This month The Print Posse looks at the writer’s life. Yanicke explored the dream versus the reality and Gabbie looked at the evolution of being a writer. This week it’s Fiona’s turn to examine the life of the writer.
My writing goals at the start of this year were:
1. Write regularly.
2. Do writing exercises.
3. Be more diligent noting down ideas.
4. Blog weekly.
5. Start approaching publishers.
6. Start approaching agents.
I’ve since reduced the list:
1. Make time to write.
Note it’s not find time to write but make time to write. I’m realistic here. My life is hectic with three different personas to juggle.
I am not complaining, most aspiring writers balance several roles until they ‘hit the big time’. Even then, I hear it’s not a walk in the park. Laini Taylor, New York Times bestselling author of Daughter of Smoke and Bone, stated she once had to check herself into a hotel to focus on finishing a book without any distractions.
It’s the distractions though, that feed the writer in me. The details of the everyday enhance my creativity and so need to be experienced.
When I wrote my first MS, I wrote at every opportunity. The story demanded to be written. It also allowed me to cope with a difficult time and emerge a stronger person.
The memes tell me repeatedly I should be writing. In most cases I would prefer to be writing than say, doing the fourth load of washing for the day or marking a class set of papers on The Crucible. *shudders*
I think about writing. Every day. I love the advice to actually write every single day, but in my world that is not always practical. I spend time with my stories daily – even if the pen doesn’t actually hit the paper. My most productive time is when I’m exercising at the gym. Maybe it’s the adrenaline or perhaps the endorphins that help me escape into the waking story.

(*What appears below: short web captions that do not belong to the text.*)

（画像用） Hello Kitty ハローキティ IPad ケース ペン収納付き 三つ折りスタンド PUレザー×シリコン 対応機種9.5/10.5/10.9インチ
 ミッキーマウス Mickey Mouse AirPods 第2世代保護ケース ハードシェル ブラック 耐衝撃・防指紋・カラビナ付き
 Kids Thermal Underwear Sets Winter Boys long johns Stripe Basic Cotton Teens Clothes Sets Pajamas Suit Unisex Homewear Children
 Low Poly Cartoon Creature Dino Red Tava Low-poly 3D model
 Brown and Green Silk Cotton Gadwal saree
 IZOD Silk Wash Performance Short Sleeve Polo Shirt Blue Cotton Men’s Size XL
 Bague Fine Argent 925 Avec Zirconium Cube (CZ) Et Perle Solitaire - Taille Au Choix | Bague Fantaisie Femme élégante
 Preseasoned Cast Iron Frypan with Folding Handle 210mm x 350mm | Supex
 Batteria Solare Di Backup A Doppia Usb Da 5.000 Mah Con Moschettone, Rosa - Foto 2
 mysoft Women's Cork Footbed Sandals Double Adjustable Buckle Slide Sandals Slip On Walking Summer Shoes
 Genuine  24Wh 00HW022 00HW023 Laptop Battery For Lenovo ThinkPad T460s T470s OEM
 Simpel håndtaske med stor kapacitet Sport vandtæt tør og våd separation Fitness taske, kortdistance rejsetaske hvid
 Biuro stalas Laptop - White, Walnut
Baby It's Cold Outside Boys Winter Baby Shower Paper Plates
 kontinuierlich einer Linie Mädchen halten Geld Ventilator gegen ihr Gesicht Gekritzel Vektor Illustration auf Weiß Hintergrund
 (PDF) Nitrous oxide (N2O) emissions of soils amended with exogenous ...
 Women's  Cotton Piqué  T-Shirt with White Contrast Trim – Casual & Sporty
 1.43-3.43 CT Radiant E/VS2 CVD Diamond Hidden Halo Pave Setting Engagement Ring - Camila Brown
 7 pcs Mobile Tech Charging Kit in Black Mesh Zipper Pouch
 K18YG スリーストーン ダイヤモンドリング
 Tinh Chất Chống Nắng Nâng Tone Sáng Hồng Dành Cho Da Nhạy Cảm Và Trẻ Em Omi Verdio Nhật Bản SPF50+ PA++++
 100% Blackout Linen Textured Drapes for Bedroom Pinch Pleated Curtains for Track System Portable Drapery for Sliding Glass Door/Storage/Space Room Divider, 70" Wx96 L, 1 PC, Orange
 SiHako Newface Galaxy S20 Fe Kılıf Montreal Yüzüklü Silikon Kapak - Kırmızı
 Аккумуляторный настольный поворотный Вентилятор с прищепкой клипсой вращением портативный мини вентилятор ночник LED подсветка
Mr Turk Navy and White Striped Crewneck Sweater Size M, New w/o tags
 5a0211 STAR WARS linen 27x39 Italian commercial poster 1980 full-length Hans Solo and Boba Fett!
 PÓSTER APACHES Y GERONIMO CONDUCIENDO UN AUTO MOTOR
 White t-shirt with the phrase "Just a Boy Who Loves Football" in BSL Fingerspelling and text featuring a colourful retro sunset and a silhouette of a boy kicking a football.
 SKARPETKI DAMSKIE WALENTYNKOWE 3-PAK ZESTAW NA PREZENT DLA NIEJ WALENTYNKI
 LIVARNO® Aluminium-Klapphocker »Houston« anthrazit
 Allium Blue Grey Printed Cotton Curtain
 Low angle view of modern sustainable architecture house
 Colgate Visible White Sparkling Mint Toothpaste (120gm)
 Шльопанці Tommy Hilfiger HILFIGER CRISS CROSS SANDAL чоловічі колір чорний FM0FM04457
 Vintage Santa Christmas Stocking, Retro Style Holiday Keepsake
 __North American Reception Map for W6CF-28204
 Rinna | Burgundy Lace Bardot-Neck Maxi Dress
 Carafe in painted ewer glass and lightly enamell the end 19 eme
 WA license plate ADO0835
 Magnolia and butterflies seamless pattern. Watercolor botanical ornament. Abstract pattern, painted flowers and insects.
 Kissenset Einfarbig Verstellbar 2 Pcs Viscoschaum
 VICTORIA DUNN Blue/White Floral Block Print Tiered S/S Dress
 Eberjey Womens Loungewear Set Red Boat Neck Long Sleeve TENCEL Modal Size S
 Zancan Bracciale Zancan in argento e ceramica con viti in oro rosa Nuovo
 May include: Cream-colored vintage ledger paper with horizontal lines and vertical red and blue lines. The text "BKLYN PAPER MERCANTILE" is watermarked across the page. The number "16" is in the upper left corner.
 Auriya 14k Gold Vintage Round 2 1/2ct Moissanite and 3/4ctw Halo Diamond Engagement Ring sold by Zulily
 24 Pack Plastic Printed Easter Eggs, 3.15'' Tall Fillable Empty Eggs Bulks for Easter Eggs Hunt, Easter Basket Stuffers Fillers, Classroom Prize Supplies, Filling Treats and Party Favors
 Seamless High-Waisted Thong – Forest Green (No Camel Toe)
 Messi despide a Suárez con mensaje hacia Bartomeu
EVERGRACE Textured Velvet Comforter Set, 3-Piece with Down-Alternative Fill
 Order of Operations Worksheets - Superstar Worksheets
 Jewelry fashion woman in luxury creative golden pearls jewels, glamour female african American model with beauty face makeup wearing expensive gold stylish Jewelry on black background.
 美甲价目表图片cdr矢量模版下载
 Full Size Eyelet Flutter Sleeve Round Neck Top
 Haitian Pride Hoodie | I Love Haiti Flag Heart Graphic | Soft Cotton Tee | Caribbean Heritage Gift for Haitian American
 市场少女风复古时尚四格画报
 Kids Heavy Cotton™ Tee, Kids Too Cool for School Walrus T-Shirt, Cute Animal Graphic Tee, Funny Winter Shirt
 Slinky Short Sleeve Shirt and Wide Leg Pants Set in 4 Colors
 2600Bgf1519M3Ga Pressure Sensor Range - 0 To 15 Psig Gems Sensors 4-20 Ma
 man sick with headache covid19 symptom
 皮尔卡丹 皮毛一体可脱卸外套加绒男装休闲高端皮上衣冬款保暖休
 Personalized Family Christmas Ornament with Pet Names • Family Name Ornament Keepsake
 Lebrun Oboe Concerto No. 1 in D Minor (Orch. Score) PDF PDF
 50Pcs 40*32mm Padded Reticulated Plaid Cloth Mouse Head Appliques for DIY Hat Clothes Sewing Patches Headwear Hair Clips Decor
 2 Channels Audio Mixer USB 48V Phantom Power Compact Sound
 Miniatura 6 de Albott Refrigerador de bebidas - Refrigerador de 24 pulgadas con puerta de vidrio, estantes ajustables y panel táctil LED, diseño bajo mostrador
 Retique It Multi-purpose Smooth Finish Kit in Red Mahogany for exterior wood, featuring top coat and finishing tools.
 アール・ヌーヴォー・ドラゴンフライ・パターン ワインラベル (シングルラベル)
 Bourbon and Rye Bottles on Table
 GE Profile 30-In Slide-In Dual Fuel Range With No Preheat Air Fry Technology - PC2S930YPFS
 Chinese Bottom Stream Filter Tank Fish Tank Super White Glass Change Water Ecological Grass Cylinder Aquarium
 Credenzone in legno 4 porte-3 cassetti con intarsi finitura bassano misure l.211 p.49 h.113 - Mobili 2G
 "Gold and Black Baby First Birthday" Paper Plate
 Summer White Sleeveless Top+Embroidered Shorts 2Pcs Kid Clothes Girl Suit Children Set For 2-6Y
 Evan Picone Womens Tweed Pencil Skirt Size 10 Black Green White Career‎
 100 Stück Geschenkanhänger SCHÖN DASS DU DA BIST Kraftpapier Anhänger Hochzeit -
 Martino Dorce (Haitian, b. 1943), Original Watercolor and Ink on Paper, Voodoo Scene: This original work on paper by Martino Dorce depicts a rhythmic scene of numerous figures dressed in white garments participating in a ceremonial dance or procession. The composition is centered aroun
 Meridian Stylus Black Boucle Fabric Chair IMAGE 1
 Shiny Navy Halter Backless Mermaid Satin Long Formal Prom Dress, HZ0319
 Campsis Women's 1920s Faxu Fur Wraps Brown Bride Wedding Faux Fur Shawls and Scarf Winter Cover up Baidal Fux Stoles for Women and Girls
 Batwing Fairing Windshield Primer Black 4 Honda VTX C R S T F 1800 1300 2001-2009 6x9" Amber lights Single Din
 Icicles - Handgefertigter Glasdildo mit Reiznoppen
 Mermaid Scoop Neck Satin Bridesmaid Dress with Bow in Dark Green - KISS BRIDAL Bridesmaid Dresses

For a long time I felt I could not consider myself a writer because I was unable to consistently allocate a set time allowance to develop my craft. I’ve moved past that now and accepted it is not currently realistic for me to expect to write each day. Sometimes I’ll sneak away for 30 minutes or so and madly scrawl down a scene.
One episode of Peppa Pig and two Peter Rabbits allows me to throw 400 words or so at the computer screen. Other nights I’ll write for 15 minutes when it’s not my turn to read the bedtime stories.
Then there are the weeks where the days steal every moment and all I’m left with is 30 minutes before bed to stare glaze-eyed at some hotel renovation program. My characters are left to their own devices for there is nothing in me left to give.
This is not ideal. When I have no time to write it is because I have no time for me.
The longer the stretch of no writing time, the more stressed I become. The direct correlation here is that I write for me. Simply put, it is my escape.
I don’t have or need a set space to write at though I dream of a desk just for me and my words. At the kitchen bench, at the beach,
on stage during school assembly – where ever I can tune in to my story and step away from reality is a place where I can write.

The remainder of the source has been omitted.